**** Task material
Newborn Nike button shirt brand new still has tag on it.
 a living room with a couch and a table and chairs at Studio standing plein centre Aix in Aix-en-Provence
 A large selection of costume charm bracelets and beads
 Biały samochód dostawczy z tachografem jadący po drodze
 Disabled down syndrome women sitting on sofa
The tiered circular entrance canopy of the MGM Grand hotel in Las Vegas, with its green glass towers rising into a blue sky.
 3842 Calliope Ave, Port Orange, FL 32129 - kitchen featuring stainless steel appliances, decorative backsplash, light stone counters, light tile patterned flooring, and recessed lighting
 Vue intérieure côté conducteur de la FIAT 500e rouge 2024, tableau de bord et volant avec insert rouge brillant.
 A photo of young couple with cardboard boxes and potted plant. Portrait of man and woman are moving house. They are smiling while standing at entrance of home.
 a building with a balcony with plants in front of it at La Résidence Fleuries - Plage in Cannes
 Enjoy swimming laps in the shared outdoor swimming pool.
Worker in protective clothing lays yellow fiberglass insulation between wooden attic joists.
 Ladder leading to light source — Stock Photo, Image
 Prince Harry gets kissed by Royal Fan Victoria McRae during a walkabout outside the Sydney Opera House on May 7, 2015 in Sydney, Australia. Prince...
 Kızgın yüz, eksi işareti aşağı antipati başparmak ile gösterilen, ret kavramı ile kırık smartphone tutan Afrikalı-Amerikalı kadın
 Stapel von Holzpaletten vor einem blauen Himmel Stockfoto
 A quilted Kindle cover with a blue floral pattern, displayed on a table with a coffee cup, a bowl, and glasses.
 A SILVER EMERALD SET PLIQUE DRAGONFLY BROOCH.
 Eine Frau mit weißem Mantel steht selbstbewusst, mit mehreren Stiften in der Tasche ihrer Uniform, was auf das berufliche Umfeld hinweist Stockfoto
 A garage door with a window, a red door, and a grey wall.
********
Required work:
Go through the records line by line, and copy each line that holds the string "blue".

Answer to the exercise:
The tiered circular entrance canopy of the MGM Grand hotel in Las Vegas, with its green glass towers rising into a blue sky.
 A quilted Kindle cover with a blue floral pattern, displayed on a table with a coffee cup, a bowl, and glasses.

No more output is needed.